Requalification d'un règlement en contrat de travail, télé réalité
« La qualification de contrat de travail implique qu‘un personnel (le salarié) accepte de fournir une prestation de travail au profit d‘une autre personne (l‘employeur) en se plaçant dans un état de subordination juridique vis-à-vis de cette dernière, moyennant une rémunération ». Au regard de cela, il semblerait que pour être constitué, le contrat de travail doive remplir plusieurs critères cumulatifs consistant en l‘accomplissement d‘une prestation de travail, le versement d‘une contre partie pécuniaire prenant la forme d‘un salaire et l‘existence d‘une subordination juridique entre l‘employeur et le salarié.
C‘est sur la question de la requalification d‘un règlement en contrat de travail que la Cour d'appel de Paris a eu à se prononcer au travers de trois arrêts du 12 février 2008.
Une jeune femme avait accepté de participer à une émission de télé réalité intitulée « l‘île de la tentation » en signant un règlement dit de « participation ». Ce dernier énonce le concept de ce jeu télévisé en le définissant de la manière suivante « quatre couples non mariés, non pacsés, sans enfants, testent leurs sentiments mutuels lors d‘un séjour d‘une durée de douze jours sur une île exotique, séjour pendant lequel ils sont filmés dans leur quotidien,, notamment pendant les activités (…) qu‘ils partagent avec des célibataires de sexe opposé (…) à l‘issue de ce jeu, les participants font le point sur leurs sentiments envers leur partenaire (…) il n‘y a ni gagnant ni prix ». Ayant signé le règlement édicté par la société de production, la participante s‘était alors expressément engagée à être filmée jour et nuit et à autoriser à la société toute utilisation ou exploitation de son image pendant une durée de cinq ans.
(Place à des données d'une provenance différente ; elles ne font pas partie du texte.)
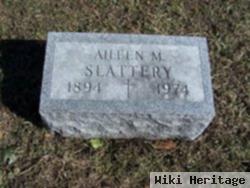 Aileen M. Slattery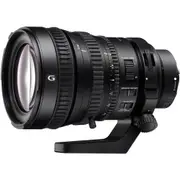 Sony SELP28135G 28-135mm f4 Camera Lens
En retour, la société prenait en charge le paiement des billets d‘avion, les frais occasionnés par et pendant la durée du séjour. Cette dernière s‘engageait également à verser la somme de 1525 euros à l‘intéressée en guise de « garantie non remboursable », dans les huit jours suivant la fin du tournage.
La candidate, considérant avoir en réalité exécuté un travail subordonné et rémunéré, décide de saisir le conseil des prud‘hommes afin d‘obtenir la requalification du règlement litigieux en contrat de travail à durée indéterminée.
Suite à un jugement rendu par la juridiction prud‘homale de Paris le 30 novembre 2005 considérant que la relation nouée entre la société de production et la candidate devait être requalifiée en relation de travail, la société de production décide d‘interjeter appel. Cette dernière soutient alors que le concept de l‘émission n‘avait qu‘un but divertissant et exclusif de tout travail manuel, artistique ou intellectuel, n‘incluant alors aucune prestation de travail ; qu‘aucun lien de subordination ne pouvait être démontré et qu‘aucune rémunération n‘avait été versée à la défenderesse.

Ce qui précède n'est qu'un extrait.